Would you please copy each line of the data in which the string "type" occurs?

Top of ENTRIES PROVIDED

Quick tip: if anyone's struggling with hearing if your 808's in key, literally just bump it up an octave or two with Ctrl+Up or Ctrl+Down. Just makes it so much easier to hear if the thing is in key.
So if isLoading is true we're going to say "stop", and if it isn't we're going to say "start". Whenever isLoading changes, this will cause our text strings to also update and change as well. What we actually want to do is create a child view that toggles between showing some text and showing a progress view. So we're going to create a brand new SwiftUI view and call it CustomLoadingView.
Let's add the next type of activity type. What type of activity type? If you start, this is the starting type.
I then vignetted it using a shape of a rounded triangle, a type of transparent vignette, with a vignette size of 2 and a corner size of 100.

Bottom of ENTRIES PROVIDED
Top of ENTRIES PROVIDED

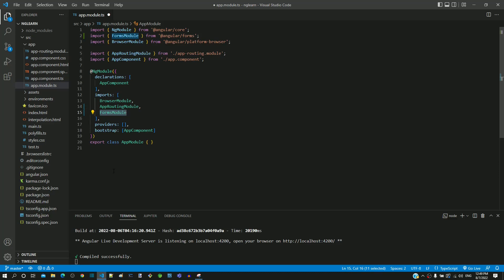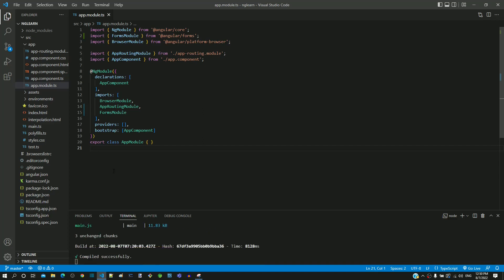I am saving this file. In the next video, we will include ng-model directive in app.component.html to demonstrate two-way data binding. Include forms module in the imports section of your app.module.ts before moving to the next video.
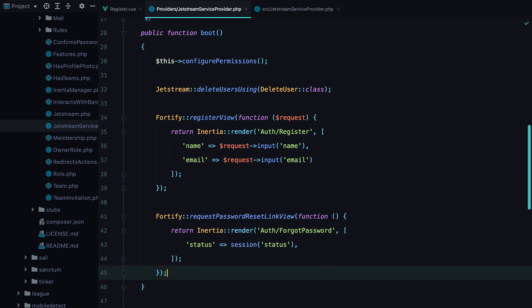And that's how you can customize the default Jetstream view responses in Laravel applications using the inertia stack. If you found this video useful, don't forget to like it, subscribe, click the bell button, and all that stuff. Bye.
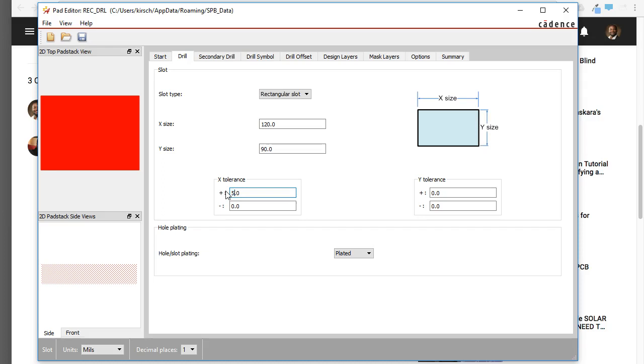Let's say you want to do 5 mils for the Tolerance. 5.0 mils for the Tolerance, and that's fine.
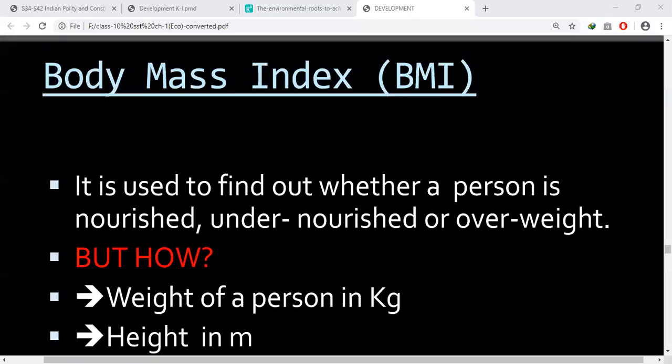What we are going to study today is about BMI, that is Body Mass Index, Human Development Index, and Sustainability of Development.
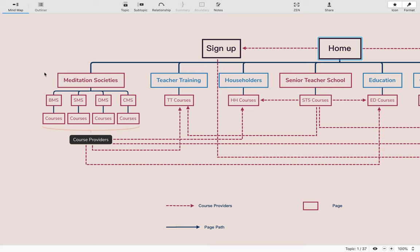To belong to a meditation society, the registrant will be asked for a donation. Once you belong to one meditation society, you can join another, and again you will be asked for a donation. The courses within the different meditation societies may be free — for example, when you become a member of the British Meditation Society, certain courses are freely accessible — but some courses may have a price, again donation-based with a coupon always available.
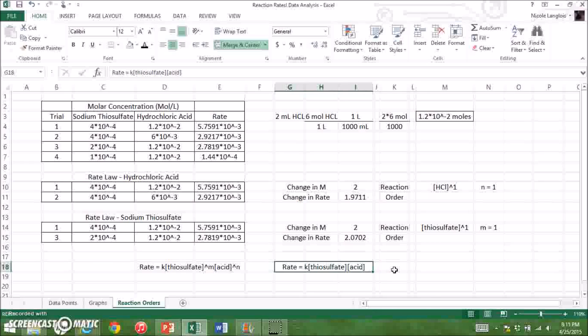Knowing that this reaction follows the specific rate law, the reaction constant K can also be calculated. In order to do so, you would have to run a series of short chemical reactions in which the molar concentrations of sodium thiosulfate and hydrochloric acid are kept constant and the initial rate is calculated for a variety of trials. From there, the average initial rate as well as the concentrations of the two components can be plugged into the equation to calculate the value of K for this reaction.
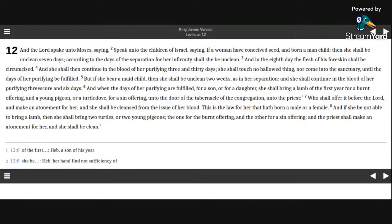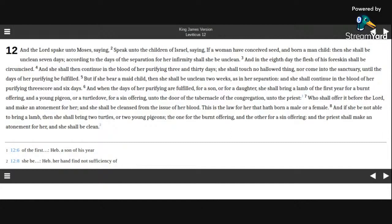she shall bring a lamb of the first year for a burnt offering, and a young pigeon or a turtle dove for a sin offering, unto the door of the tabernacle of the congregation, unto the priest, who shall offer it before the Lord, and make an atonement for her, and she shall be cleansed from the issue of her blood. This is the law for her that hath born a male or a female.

Bottom of ENTRIES PROVIDED

→ **YOUR SOLUTION**:
Let's add the next type of activity type. What type of activity type? If you start, this is the starting type.
I then vignetted it using a shape of a rounded triangle, a type of transparent vignette, with a vignette size of 2 and a corner size of 100.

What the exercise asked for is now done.